In his will he bequeathed certain properties in Greenwich and Plaistow to the churchwardens and overseers of Holwell “for use to such and so many poore boys three pounds ten shillings a piece and, girls fifty shillings a piece yearly and for ever as are or shall be borne or inhabit there… when they shall be from time to time put and placed out to buy cloathes and necessarys … the boys to trades and the girls to trades and services.”
The beneficiaries had to promise never to enter an alehouse, tavern or inn, never to play dice or cards, and never, while apprenticed, to contract matrimony! If the bequest was not properly carried out the funds were to go to Ickleford for the same purposes.
After a very short time there was trouble. Ickleford residents complained that something
was due to them, but the High Court decided that Holwell was entitled to the whole amount. In 1743 Ickleford again petitioned the High Court and alleged that the churchwardens of Holwell were guilty of saving unto themselves each and every of them all and all manner of advantage and benefit of exception to the manifold errors insufficiencies imperfections and untruths … as in their information contained.” They also claimed that by now the income of the charity was more than Holwell needed.
On top of this, in his will Rand had described Greenwich as being in the county of Surrey – which it was not – and Ickleford now claimed that he never made the will or that if he had he was not yet dead.

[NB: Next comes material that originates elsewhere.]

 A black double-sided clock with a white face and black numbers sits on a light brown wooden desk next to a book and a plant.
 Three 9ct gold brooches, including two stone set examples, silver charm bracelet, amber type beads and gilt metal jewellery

A long quarrel between Ickleford and Holwell followed, and in 1760 a receiver was appointed and it was directed that surplus moneys should be invested. Seventy years later the income had grown considerably. At this time (1830) the population of Holwell was 160, and there were three farmhouses and twenty-four cottages – that was all, apart from a church of about 1500 which was in poor condition.
A petition from the trustees of the charity was presented to the Lord Chancellor in 1830 for permission to build almshouses, a school and a rectory, and to provide upwards of £100 per annum towards the stipend of a resident rector, who must conduct divine service twice on Sundays. All these buildings were erected.
Now the feud between Holwell and Ickleford again came to the forefront, and the people of Pirton and Shillington (Lower Stondon) parishes claimed that as parts of these villages were anciently in the parish of “Holewelle” they should have a share, so they again sent in a petition, this time to the new Charity Commissioners. In 1866 a new scheme was produced.
Ickleford was to receive £40, Pirton £30 and Lower Stondon £25 for their respective schools. The trustees were authorized to build twelve labourers’ cottages and to spend £250 on a village clock and pump. Only the cottages were proceeded with, six being built. Parents sending their children to school were to pay 2d. a week for one child, 3d. for two and 4d. for three or more – the money to provide prizes for them on leaving.
Fifteen years later further inquiry produced another scheme which remains the basis of the Rand’s Educational Foundation and Charity to this day. Holwell lost direct control of the charity and governors were appointed and the children attending the schools at Holwell, Pirton, Ickleford and Lower Stondon were entitled to benefit.
The scheme was changed again in 1924, 1951, 1959 and 1986, which is still current today. The current Trustees are made up of ten nominated Governors and five co-opted
Governors; representatives of Holwell, Ickleford, Pirton and Stondon Parish Councils
are included in the nominated Governors.